Intelligence on its own does not imply Friendliness. And there are three big reasons to think that AGI may arrive before Friendliness Theory is solved:
(i) Research Inertia. Far more people are working on AGI than on Friendliness. And there may not come a moment when researchers will suddenly realize that they need to take all their resources out of AGI and pour them into Friendliness. If the status quo continues, the default expectation should be UFAI.
(ii) Disjunctive Instrumental Value. Being more intelligent — that is, better able to manipulate diverse environments — is of instrumental value to nearly every goal. Being Friendly is of instrumental value to barely any goals. This makes it more likely by default that short-sighted humans will be interested in building AGI than in developing Friendliness Theory. And it makes it much likelier that an attempt at Friendly AGI that has a slightly defective goal architecture will retain the instrumental value of intelligence than of Friendliness.
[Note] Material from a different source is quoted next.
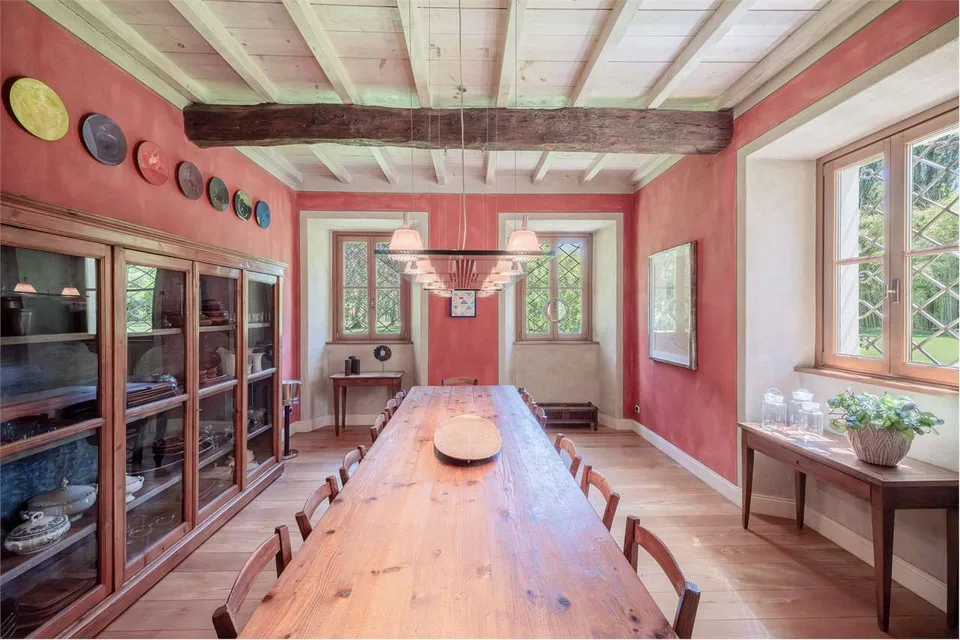 Schöne historische Villa mit Blick auf den Sacro Monte di Varese und die umliegende Landschaft – Foto 10 von 13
(iii) Incremental Approachability. Friendliness is an all-or-nothing target. Value is fragile and complex, and a half-good being editing its morality drive is at least as likely to move toward 40% goodness as 60%. Cross-domain efficiency, in contrast, is not an all-or-nothing target. If you just make the AGI slightly better than a human at improving the efficiency of AGI, then this can snowball into ever-improving efficiency, even if the beginnings were clumsy and imperfect. It's easy to put a reasoning machine into a feedback loop with reality in which it is differentially rewarded for being smarter; it's hard to put one into a feedback loop with reality in which it is differentially rewarded for picking increasingly correct answers to ethical dilemmas.
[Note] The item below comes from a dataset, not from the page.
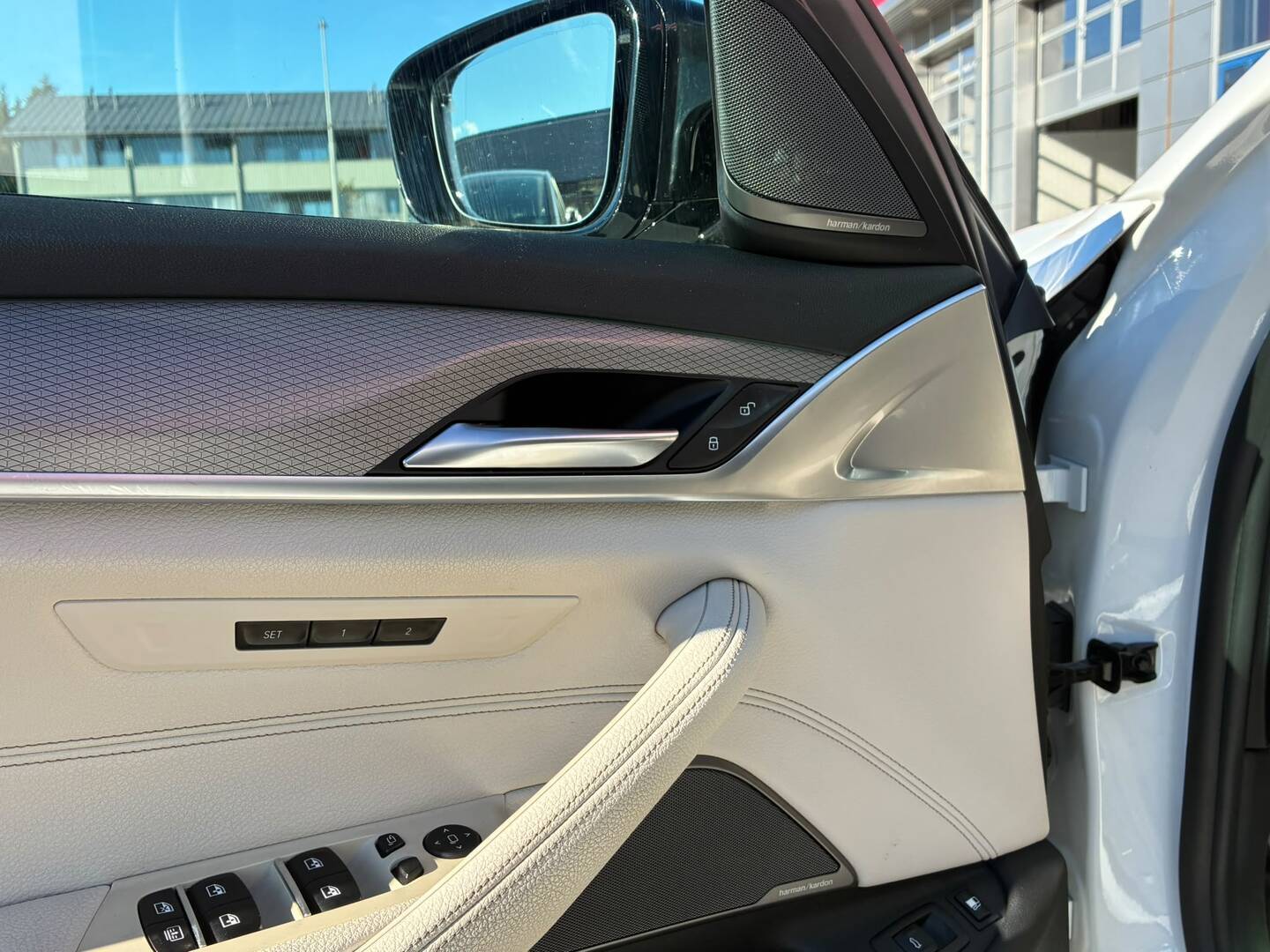 BMW - 530 - e iPerformance Sedan M Sport - Sedan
The ability to productively rewrite software and the ability to perfectly extrapolate humanity's True Preferences are two different skills. (For example, humans have the former capacity, and not the latter. Most humans, given unlimited power, would be unintentionally Unfriendly.)
It's true that a sufficiently advanced superintelligence should be able to acquire both abilities. But we don't have them both, and a pre-FOOM self-improving AGI ('seed') need not have both. Being able to program good programmers is all that's required for an intelligence explosion; but being a good programmer doesn't imply that one is a superlative moral psychologist or moral philosopher.
So, once again, we run into the problem: The seed isn't the superintelligence. If the programmers don't know in mathematical detail what Friendly code would even look like, then the seed won't be built to want to build toward the right code. And if the seed isn't built to want to self-modify toward Friendliness, then the superintelligence it sprouts also won't have that preference, even though — unlike the seed and its programmers — the superintelligence does have the domain-general 'hit whatever target I want' ability that makes Friendliness easy.
And that's why some people are worried.